Magic methods are a very versatile bunch that provide us, the programmer, with a
lot of power that is unique to Python. Here is an incomplete list that covers
the majority of magic methods, in a very rough and subjective order of
usefulness:

__str__ allows an object to control how it behaves when it's cast to a
string (e.g. when it's given to print).
__enter__ and __exit__ allow an object to become a context manager (i.e.
you can use it in a with statement).
__setattr__, __getattr__ and __getattribute__ expose the internal
mechanics of attribute resolution and allow you to have more control over
how they work in a class.
__eq__ and __hash__ allow an object to take control of how it behaves
under equality comparisons (i.e. when used in ==) and when its hashed
(i.e. passed to hash, e.g. when it's used as a dictionary key), respectively.
These two dunder methods are deeply related and must coordinate their behavior.
__iter__ and __next__ allow an object to become iterable (i.e. can be
iterated through, e.g. with a for loop). Related to this is __len__
which is allows an iterable to specify its length (i.e. what happens when
it's given to len()) and __contains__ which allows an iterably to check
membership (i.e. what happens when one uses the in keyword).
__call__ allows an object to become callable (i.e. can be called, just
like a function)
numeric operators, e.g. __add__, __div__, __mul__, __eq__, __ge__
that expose the internal mechanics of how common numeric operators work. The
specific list of examples above correspond to +, /, *, ==, >=
(there are many more of theses). When a class overrides these methods we
say that it's overloading operators (e.g. Pandas and numpy make extensive
use of operator overloading to provide syntactic convenience).
__getitem__ and __setitem__ allow an object to behave like a dictionary.
__repr__ allows an object to control how it behaves when it's given to
repr: the goal is to generate a Python expression (i.e. code) that
would reproduce that object when executed. A good rule of thumb is that one
should have x == eval(repr(x)).
__get__ and __set__ allows you to define descriptors and give you even
more control over how attributes work (this is how property is internally
implemented).
__getstate__, __setstate__, and friends allow an object to implement the
pickle protocol.
__dict__ and __slots__ are magic attributes (not methods) that expose the
internal machinery of how attributes are stored in standard objects.
__new__ and __del__ are the other friends of __init__ and part of the
machinery of object lifetime.

Level 5 - Beyond

The following are language-specific and advanced features of the Python OOP
model. The bad news is that there is a lot of nuance and subtlety in each of
them which can be quite confusing when you are new to the ideas summarized
in this document. The good news is that knowledge of them is only useful in
very specific scenarios; that means you can safely ignore them for a while.
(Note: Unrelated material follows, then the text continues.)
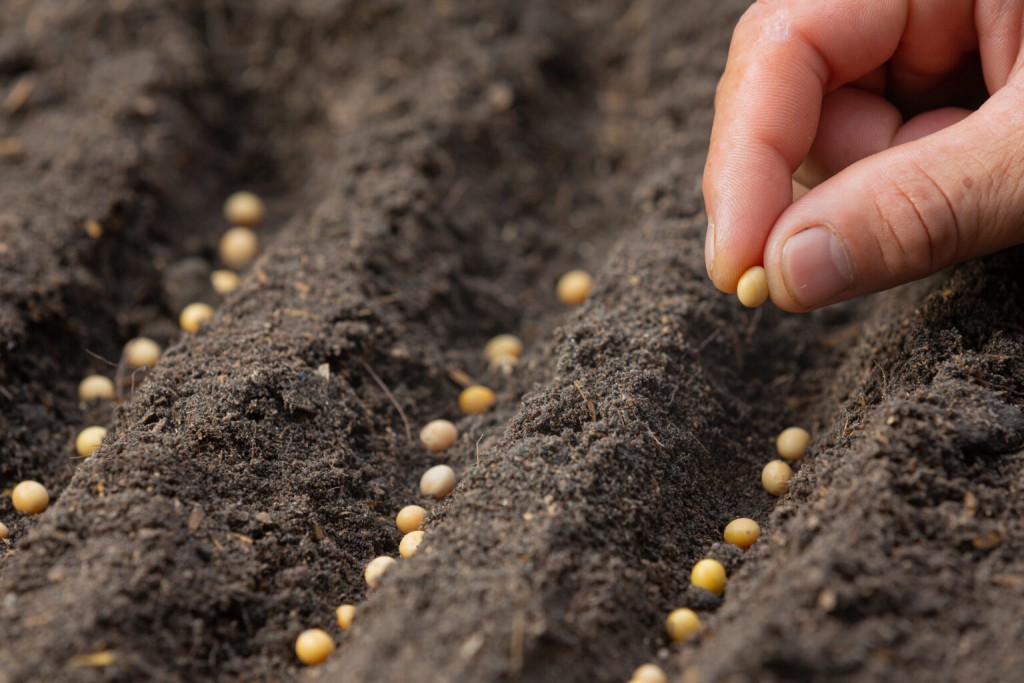 El Programa “Huerta en Casa” entregará semillas de la temporada primavera- verano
In Python, everything is an object. And everything literally means
(almost) everything. Classes, functions, and modules are all objects! This
obviously has a lot of implications, a lot of which you are probably already
using (e.g. having functions that return functions, which is what allows
decorators to be possible).
Under the hood of object lifetime: __new__, __init__, __del__ and
metaclasses.
Dynamic creation of new types and modification of existing ones (e.g.
monkeypatching) using the types module.
Reflection in python: dynamic inspection of objects (and by extension
modules, functions, classes, etc.) using the inspect module.